Constructing a Parsed Corpus of Historical Portuguese[1]

Helena Britto
Marcelo Finger Inst. Estudos da Linguagem (IEL)
Univ. Estadual Campinas (UNICAMP)
Caixa Postal 6153 - Cid. Univ.Zeffer
Campinas, São Paulo CEP 13082-970

The Tycho Brahe Parsed Corpus of Historical Portuguese <> consists of an electronically annotated corpus of Portuguese texts whose authors were native speakers of European Portuguese born between 1550 and 1850. Its construction follows the model of the Penn-Helsinki Parsed Corpus of Middle English <>. Only texts from editions revised by the own authors or autographed manuscripts are included on the corpus, each one of them containing at least fifty thousand (50,000) words, presented electronically in three different ways: orthographically transcript, morphologically tagged, and syntactically annotated.

The Tycho Brahe annotation system is split into three levels: extra-linguistic material codification; morphological tagging; and a syntactic annotated system. The extra-linguistic coding system encapsulates information such as text edition, editor's or researcher's comments, original page number of the texts, etc.

The tag set that compounds the morphological annotation system was the result of a detailed research about morphosyntactic properties of Portuguese (Britto et al. 1999). In this system, tags have internal structure, and are basically formed from the following components: part-of-speech component, inflectional components, and diacritics. Proposed by Finger (1998), the structuring of tags in a part-of-speech basis and inflectional components allows for the capturing of the morphological richness Portuguese exhibits without increasing the number of tags involved.
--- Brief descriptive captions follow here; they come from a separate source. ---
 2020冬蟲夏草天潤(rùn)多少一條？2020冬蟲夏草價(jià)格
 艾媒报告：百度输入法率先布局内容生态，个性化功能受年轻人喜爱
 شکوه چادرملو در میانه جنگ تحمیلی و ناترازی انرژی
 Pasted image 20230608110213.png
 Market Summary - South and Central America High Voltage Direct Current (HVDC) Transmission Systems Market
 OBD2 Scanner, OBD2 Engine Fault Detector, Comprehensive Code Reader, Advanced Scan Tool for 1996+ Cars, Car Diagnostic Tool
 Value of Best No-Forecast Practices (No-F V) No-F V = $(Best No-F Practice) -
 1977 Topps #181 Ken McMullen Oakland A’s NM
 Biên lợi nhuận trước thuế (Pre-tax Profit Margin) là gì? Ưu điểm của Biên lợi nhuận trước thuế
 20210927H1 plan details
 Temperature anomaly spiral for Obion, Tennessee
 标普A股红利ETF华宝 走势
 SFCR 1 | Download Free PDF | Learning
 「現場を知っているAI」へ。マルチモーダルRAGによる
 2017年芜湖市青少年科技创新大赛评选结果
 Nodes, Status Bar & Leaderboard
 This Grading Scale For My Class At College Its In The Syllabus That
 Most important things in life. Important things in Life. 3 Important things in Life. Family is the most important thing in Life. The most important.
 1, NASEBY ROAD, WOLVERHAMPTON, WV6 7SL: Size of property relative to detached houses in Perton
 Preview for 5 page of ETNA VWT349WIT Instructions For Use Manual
Keeping the number of POS basic tags low has shown to be crucial to decrease the computational complexity of training the automated morphological tagger for Portuguese, which was developed in the lines of Brill's (1995) tagging method. A tagging editor has also been implemented (TAT: Tagging Aid Tool), to help the manual tagging of a set of Portuguese texts (Augusto et al. 1998), necessary for training the tagger. Both the tagger and TAT run under Windows (95/98/NT) with 16MB RAM; the tagger also runs under Unix.


  1. This research has been developed with the support of the FAPESP (grants #98/3382-1 and #98/12075-3).


AUGUSTO, M. et al. (1998) "Morphological tagging for different periods of Portuguese prose". ms. Unicamp, Campinas, Brasil.

BRILL, E. (1995). "Transformation-Based Error-Driven Learning and Natural Language Processing: A Case Study in Part of Speech Tagging". Computational Linguistics, 21(4):543-565.

BRITTO, H. et. al. (1999) "Morphological Annotation System for Automatic Tagging of Electronic Textual Corpora: from English to Romance Languages". Proceeding of the 6th International Symposium of Social Communication. Santiago, Cuba, pp.582-589.

FINGER, M. (1998). "Tagging a Morphologically Rich Language". In Proceeding of the first Workshop on Text, Speech and Dialogue (TSD'98). Brno, Czech Republic, pp. 39-44.